As wireless phones continue to eclipse landlines, does traditional home phone service still merit the kind of special oversight provided by agencies such as Pennsylvania's Public Utility Commission and New Jersey's Board of Public Utilities?

As wireless phones continue to eclipse landlines, does traditional home phone service still merit the kind of special oversight provided by agencies such as Pennsylvania's Public Utility Commission and New Jersey's Board of Public Utilities?

Descendants of the old Ma Bell monopoly, led by Verizon and AT&T, say no, and have been pushing in state capitals for a get-out-of-regulation pass. Their effort failed last year in New Jersey, but a similar proposal, House Bill 1608, is on the table in Harrisburg, with a hearing set for next month.

The companies say deregulation would allow them to compete more aggressively with newcomers using different technologies - wireless, voice-over-Internet, and cable phone service - that are largely free of traditional oversight.

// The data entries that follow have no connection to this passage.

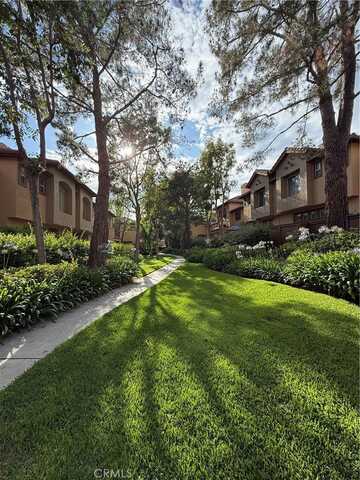 2771 Dunstan Drive, Tustin, CA 92782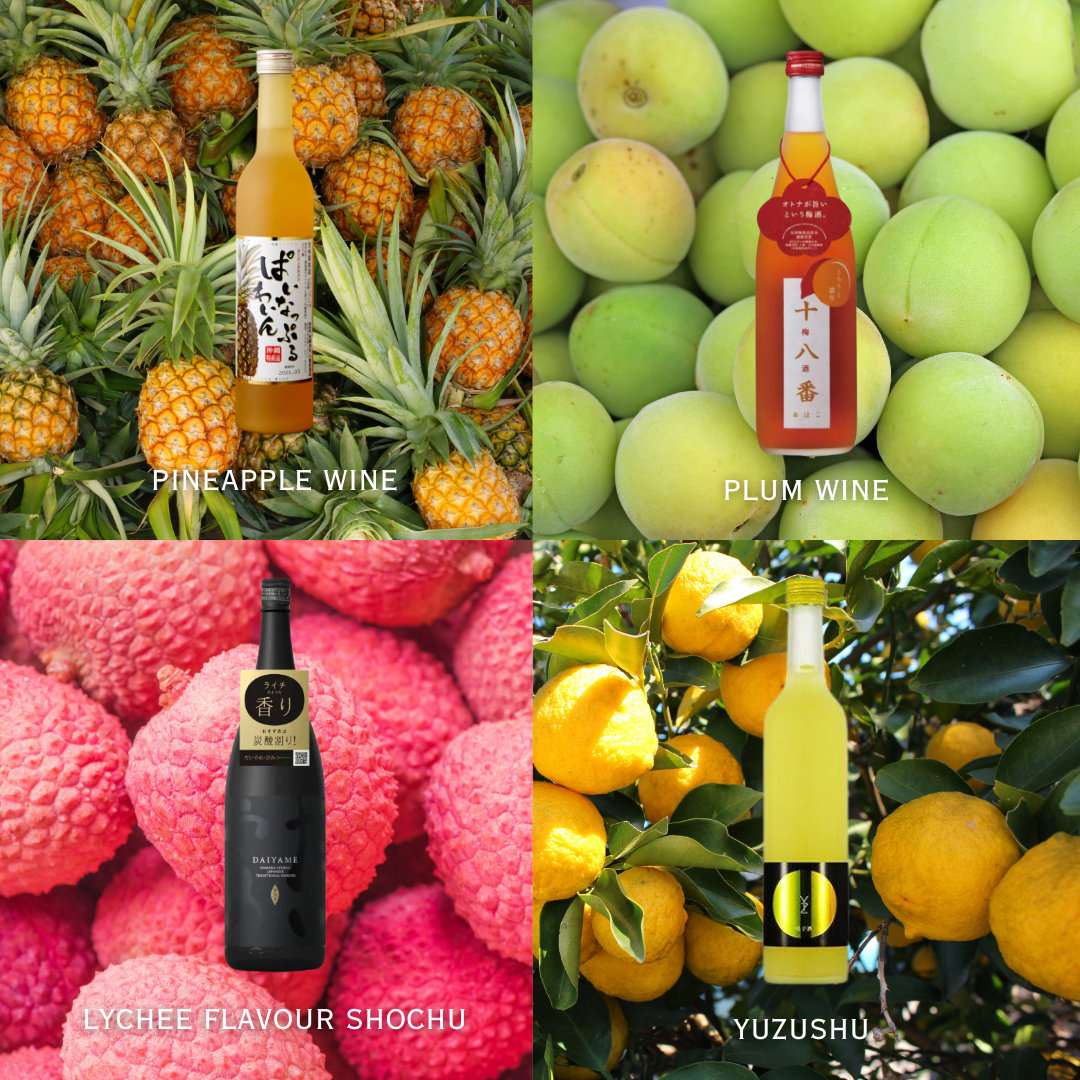 JX.today - J Passport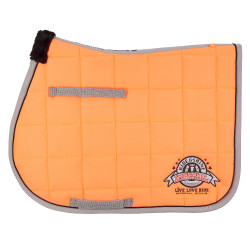 Zadeldekje Imperial Imperial Riding Ride and Shine uniseks Zadeldekje Imperial Imperial Riding Ride and Shine uniseks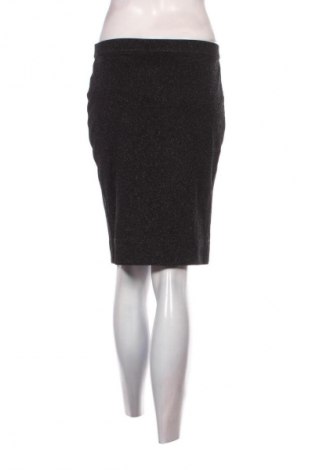 Sukně By Malene Birger, Velikost S, Barva Černá, Cena  479,00 Kč
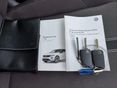 VOLKSWAGEN T-ROC 2018/11 - 11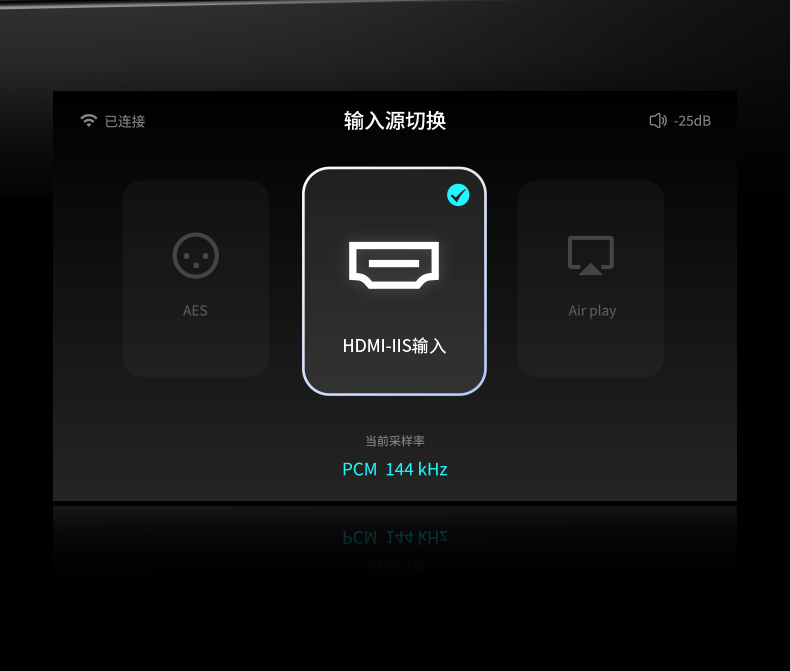 详情页2_11.jpg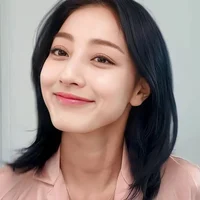 Jihyo 
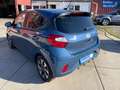 Hyundai i10 Trend 1,0 /Klima/Navi/Kamera/PDC/LED Blau - thumbnail 6
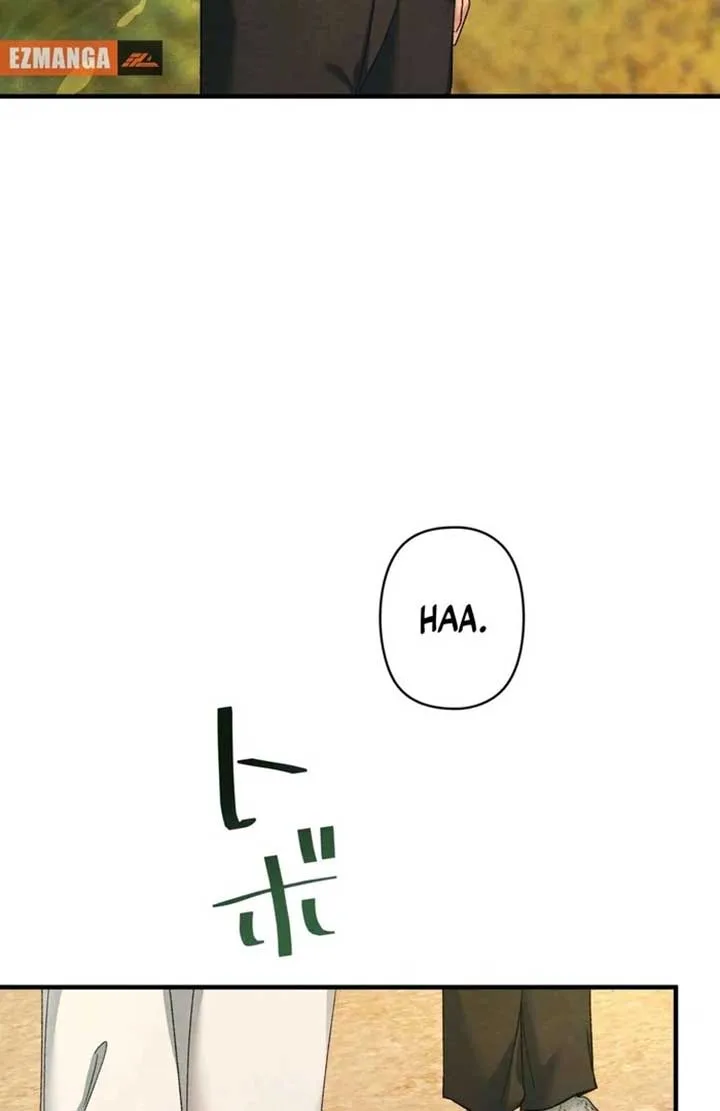 To My Apricot Hill Chapter 8 page 33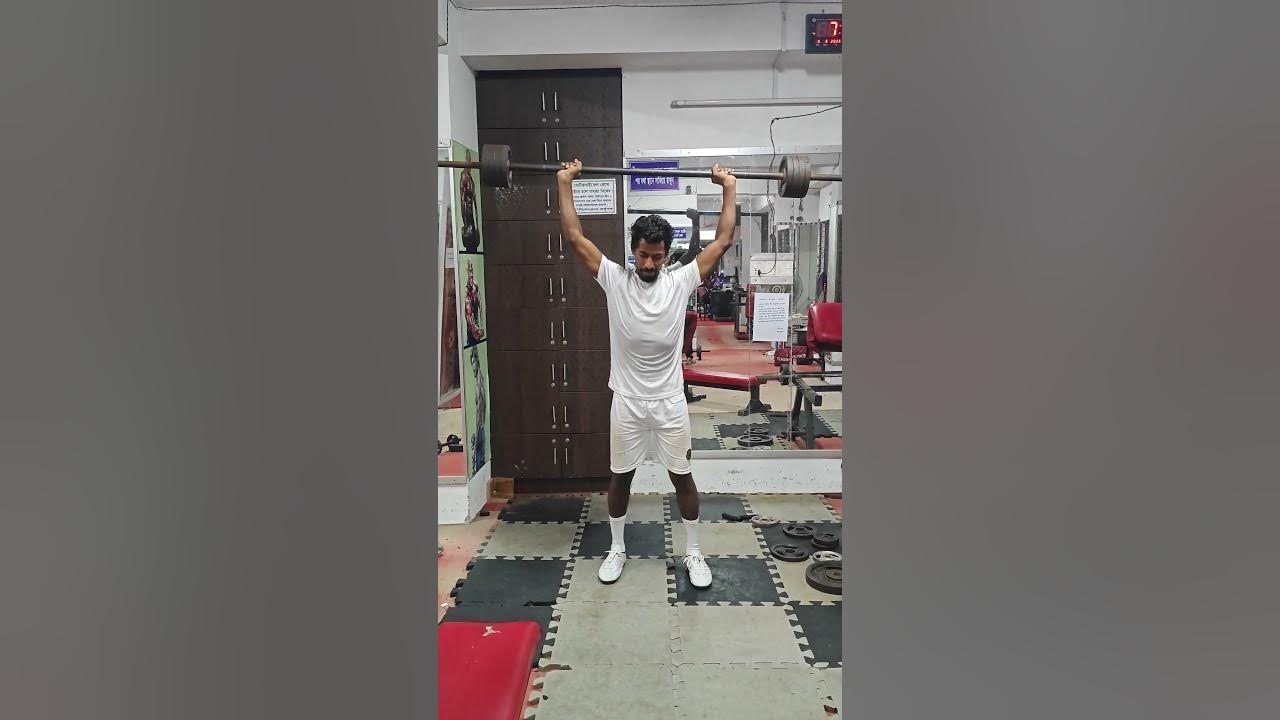 Video thumbnail for 2𝙣𝙙 𝙒𝙤𝙧𝙡𝙙 𝙍𝙚𝙘𝙤𝙧𝙙𝙨 𝙋𝙧𝙚𝙥𝙖𝙧𝙖𝙩𝙞𝙤𝙣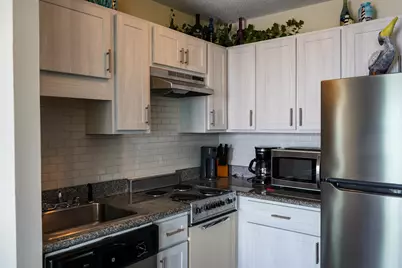 5905 S Kings Hwy. #1505, Myrtle Beach, SC 29575 - Photo 11
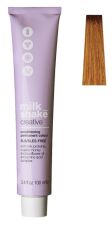 Creative Color Hair Dye 100 ml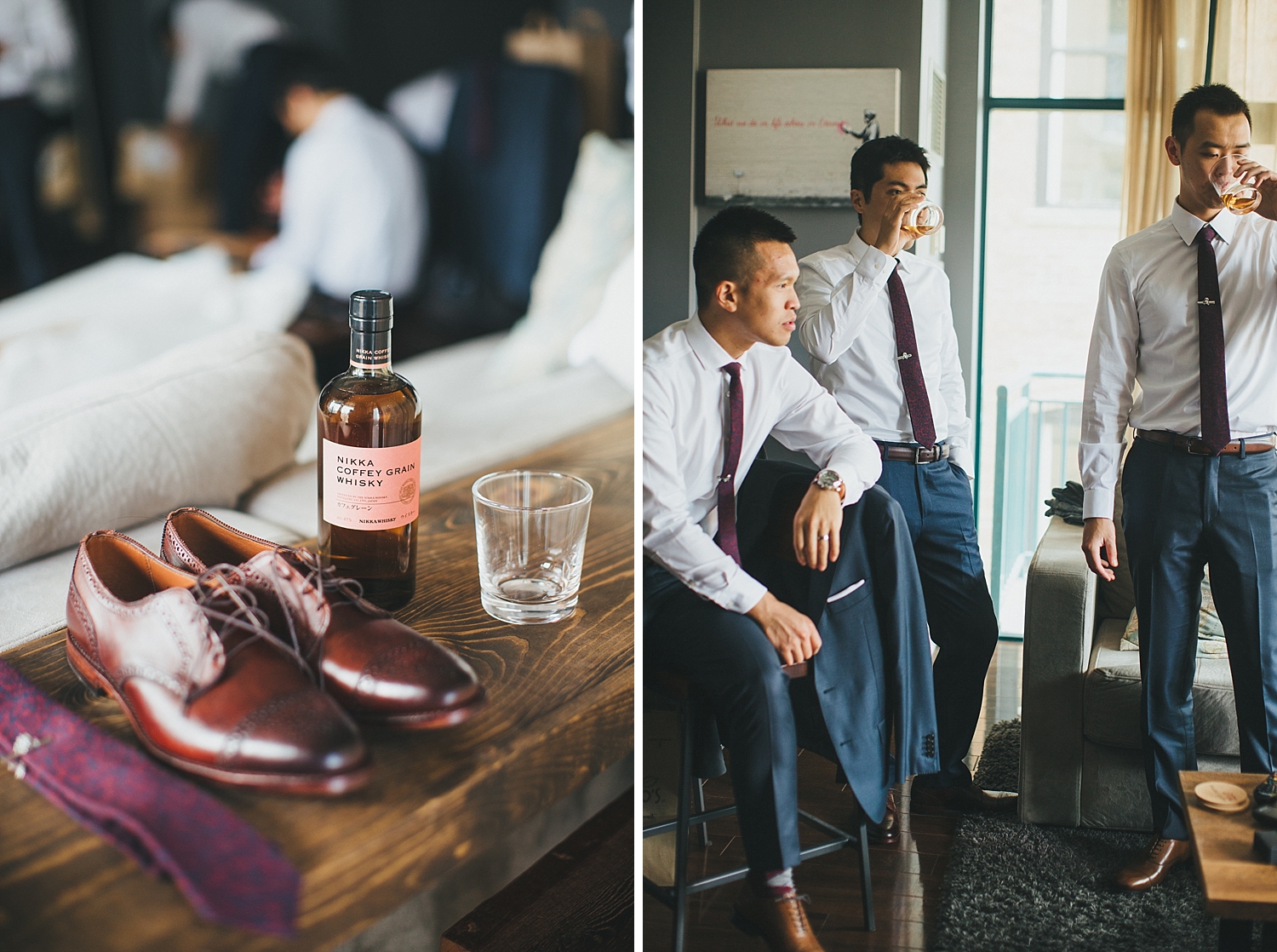 junkaz_loft_on_lake_wedding-1020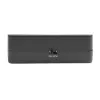 StarTech.com VGA to RCA and S-Video Converter - USB Power, Active video converter, Black, CE, FCC, REACH, 1920 x 1080 pixels, 640 x 480,1920 x 1080 pixels, 60 Hz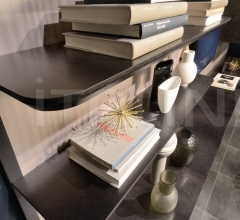 Стенка Desyo LB48 Стенка Desyo LB48 фабрика Carpanelli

"The bill would move Pennsylvania toward a level playing field," said its chief sponsor, State Rep. Warren Kampf (R., Chester). Kampf says his bill, which has about 60 cosponsors, is similar to laws enacted in 20 other states.

Critics of the proposal, led by consumer organizations such as AARP, say it is at best premature in a state whose rural expanses often lack or have spotty wireless coverage. In cities and suburban areas, they argue, the bill would allow phone companies to easily escape the "provider-of-last-resort" obligation that has helped Pennsylvania have near-universal phone service.

And they say that when something goes wrong, the bill would leave consumers without a crucial avenue of complaint - a point stressed last month by PUC Commissioner James H. Cawley in an appearance on Pennsylvania Cable Network.

Cawley said that by allowing phone companies to escape PUC oversight by declaring a phone-exchange area competitive, the legislation would throw "residential customers to the wolves."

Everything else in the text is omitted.